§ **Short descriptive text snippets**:
::::::::

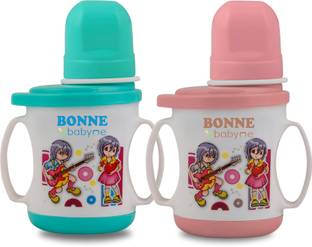 Babyme 2 In 1 Sippy Cup With LSR Nipple for Baby, 100% BPA Free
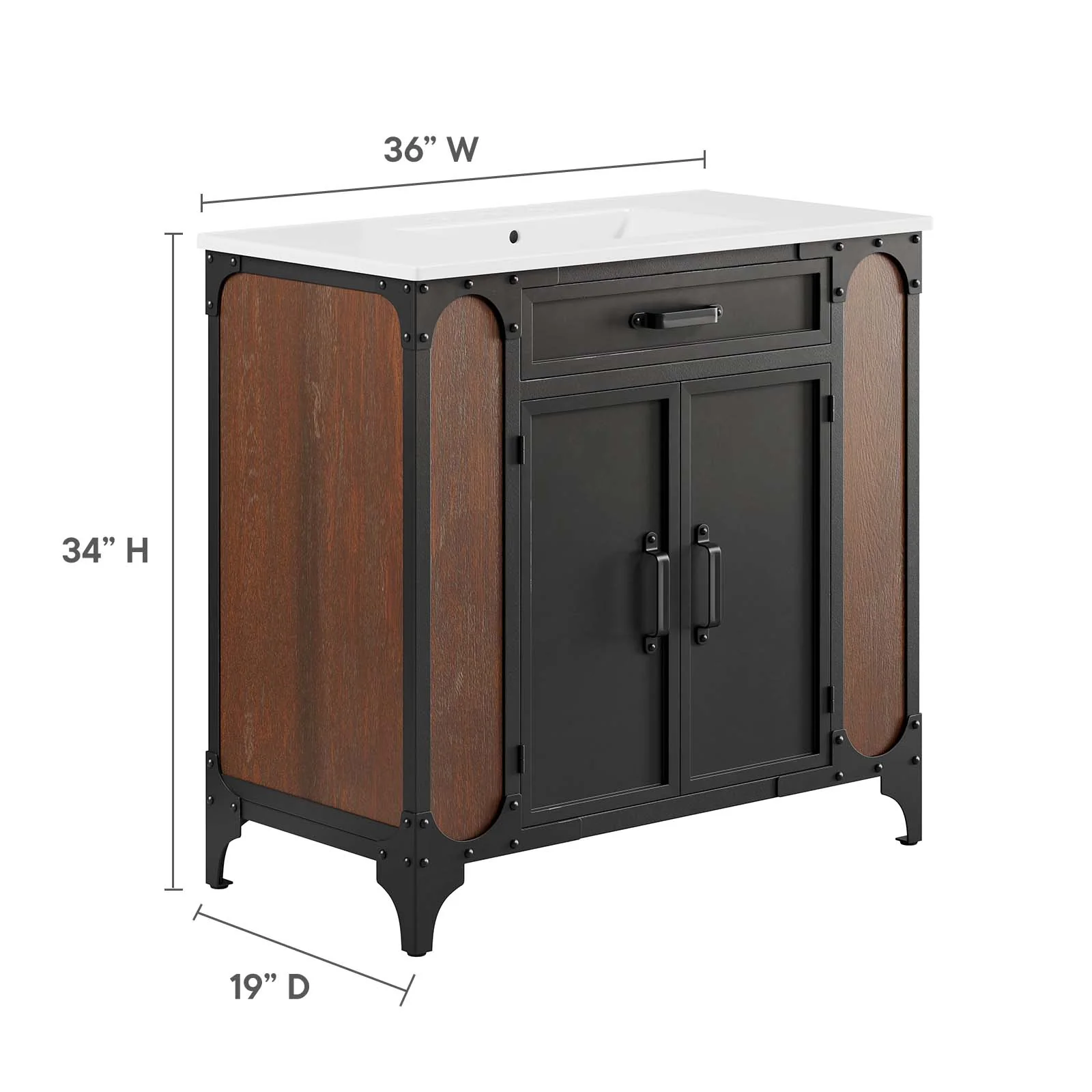 Steamforge 36" Bathroom Vanity By Modway - EEI-6417 - Image 5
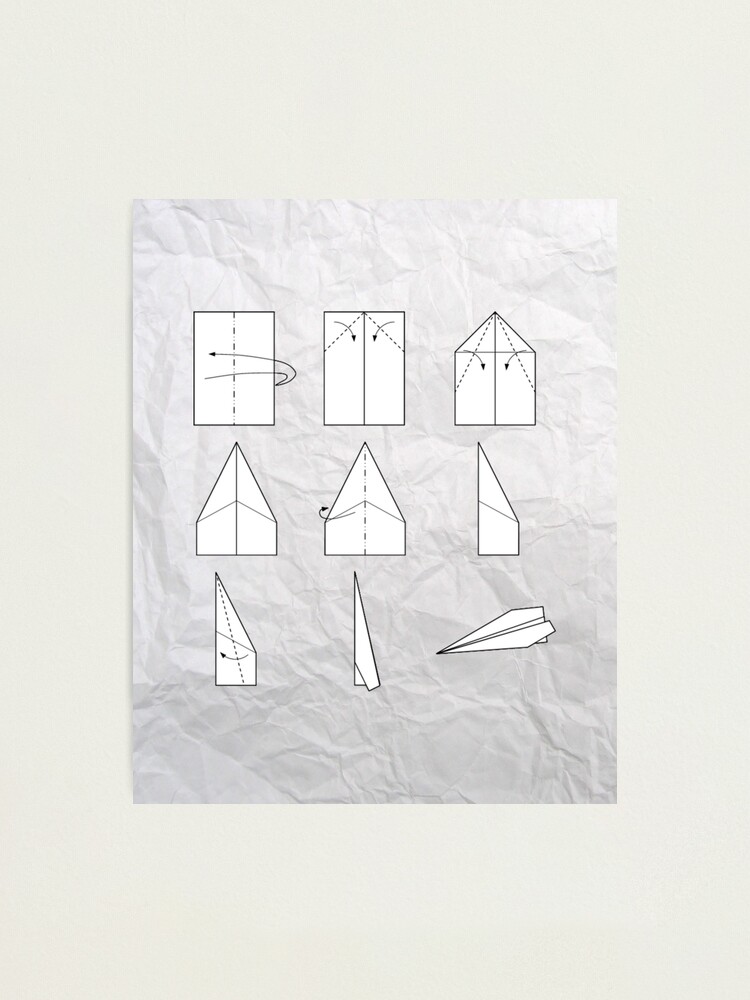 Paper airplane instructions | Journal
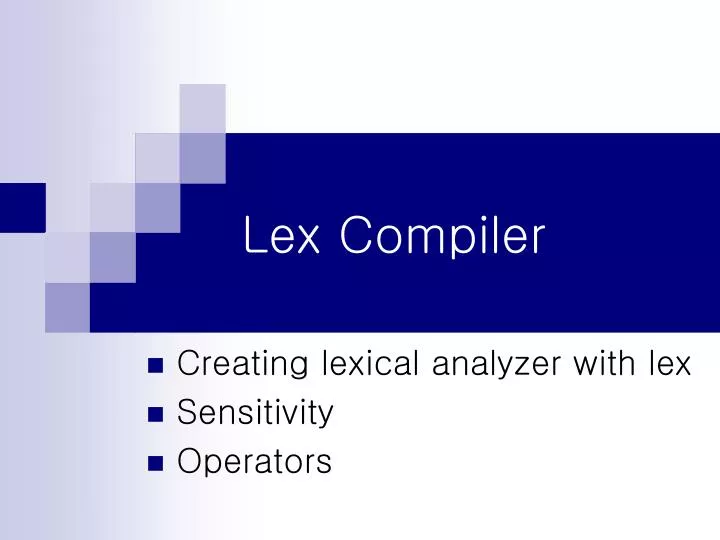 lex compiler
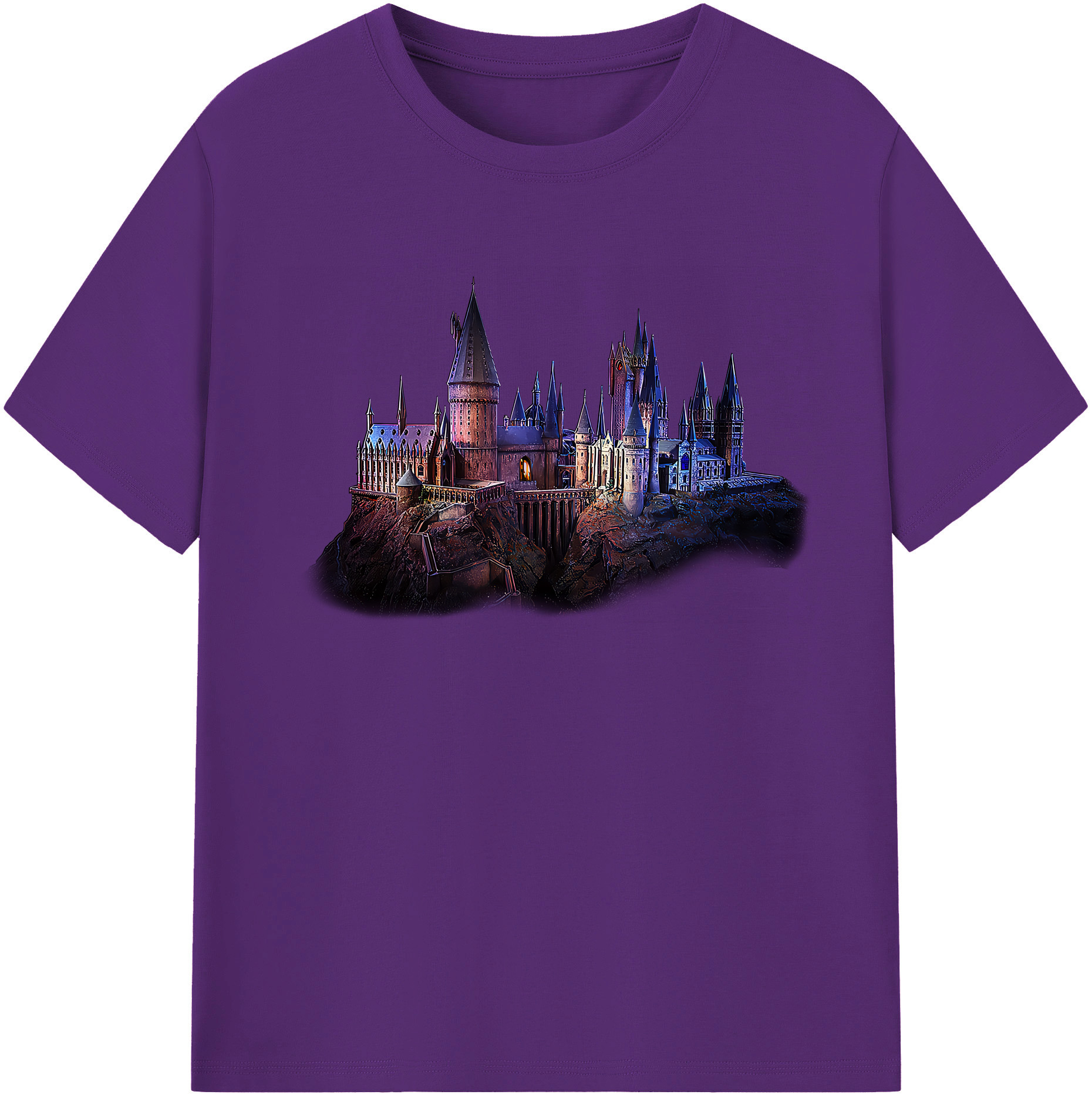 （画像用） Harry Potter ハリー・ポッターシリーズ 綿100％半袖Tシャツ（フロントプリント）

::::::::

§ **Task to carry out**:
Transcribe exactly the span of lines that opens with the line holding "lex compiler" and closes with the last line of the entries above. Omit pictures.

§ **Answer section**:
 lex compiler
 （画像用） Harry Potter ハリー・ポッターシリーズ 綿100％半袖Tシャツ（フロントプリント）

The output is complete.